Cross-country trek calls attention to world’s water insecurity

by ALAN RIZZO
Reporter


Walking thousands of miles to raise awareness and funds to fight water insecurity in Tanzania, James Leitner passes through Prospect Park in Buffalo on Tuesday, bound for the Peace Bridge. Leitner is on a 3,215-mile solo trek, which began in Princeton, New Jersey, and will end in San Francisco. 
Photo by Alan Rizzo Walking thousands of miles to raise awareness and funds to fight water insecurity in Tanzania, James Leitner passes through Prospect Park in Buffalo on Tuesday, bound for the Peace Bridge. Leitner is on a 3,215-mile solo trek, which began in Princeton, New Jersey, and will end in San Francisco. Photo by Alan Rizzo Traveling from New Jersey to San Francisco and aiming to increase the visibility of water insecurity worldwide, James Leitner is transporting 90 pounds of water coast to coast — on foot.

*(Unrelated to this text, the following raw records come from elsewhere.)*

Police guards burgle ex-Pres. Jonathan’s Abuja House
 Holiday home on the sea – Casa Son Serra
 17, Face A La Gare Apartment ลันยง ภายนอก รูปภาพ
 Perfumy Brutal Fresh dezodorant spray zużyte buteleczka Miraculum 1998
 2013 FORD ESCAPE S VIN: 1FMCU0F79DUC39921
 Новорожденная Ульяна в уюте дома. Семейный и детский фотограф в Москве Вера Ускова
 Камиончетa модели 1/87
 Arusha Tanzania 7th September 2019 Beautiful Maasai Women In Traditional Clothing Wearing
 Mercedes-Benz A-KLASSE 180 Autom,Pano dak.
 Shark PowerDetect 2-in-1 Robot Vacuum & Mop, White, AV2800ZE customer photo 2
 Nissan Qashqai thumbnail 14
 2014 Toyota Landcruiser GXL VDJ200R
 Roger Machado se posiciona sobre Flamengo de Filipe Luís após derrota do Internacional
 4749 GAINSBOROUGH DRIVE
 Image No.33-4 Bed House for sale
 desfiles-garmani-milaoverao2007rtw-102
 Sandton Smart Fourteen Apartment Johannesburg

When he’s done, he’ll have covered 3,215 miles, the same distance a woman in countries such as Tanzania would walk during a year in search of water. It’s a feat that’s also aimed at raising money to repair 307 broken wells in the Mara Region of Tanzania through the nonprofit Philadelphia Serengeti Alliance.

For Leitner — who passed through Buffalo’s Prospect Park on Tuesday, and through Lancaster, Depew and Cheektowaga during the holiday weekend — the journey is part of a passion for water issues that he developed at age 17.

He said he became interested in the topic as a junior in high school, when doing research for a paper on global issues.

Leitner chose water and was floored when he discovered that 1 billion people worldwide don’t have access to clean drinking water.

“I really had no idea that water was an issue, because it was always readily available and accessible,” he said. “The idea that people didn’t have clean drinking water just really shell-shocked me.”

That discovery fueled a lasting desire to volunteer for nonprofits such as the Philadelphia Serengeti Alliance, and to run marathons with 45-pound containers of water to raise awareness.

On a typical day in his cross-country journey, during which he covers about 22 to 25 miles, Leitner said he’s mostly preoccupied with pulling his 90-pound cart and monitoring his body’s condition, but he also sends texts to his family on breaks, listens to music on Spotify and enjoys the view as he walks, on the recommendation of a fellow trekker.

“He’s done the Appalachian Trail, Pacific Crest Trail and Continental Divide Trail, and he pretty much told me to think of [the trip] as a vacation,” he said. “You’re not going by too fast, everyone can talk to you, so just enjoy each part that you see.”

Leitner said that so far, he’s learned to get moving early to beat the heat — 6:30 a.m. on most days — and to plan his lodging in advance, but sometimes there’s no place to stay, and he’s had to rely on the kindness of strangers.

In one instance recently, when he accidentally found himself in the Letchworth State Park visitor’s center due to a GPS miscalculation, Leitner said he met a Wyoming County woman who offered him food and lodging in exchange for sharing his experiences as an environmental science major with her high-school-age son.

“I was like, ‘Yes,’” he said. “It immediately lifted my mood, and I could have teared up from joy.”

From Buffalo, Leitner plans to cross the Peace Bridge into Ontario, Canada, and journey toward Flint, Michigan, where he will stop for a few days to volunteer and learn about local water issues.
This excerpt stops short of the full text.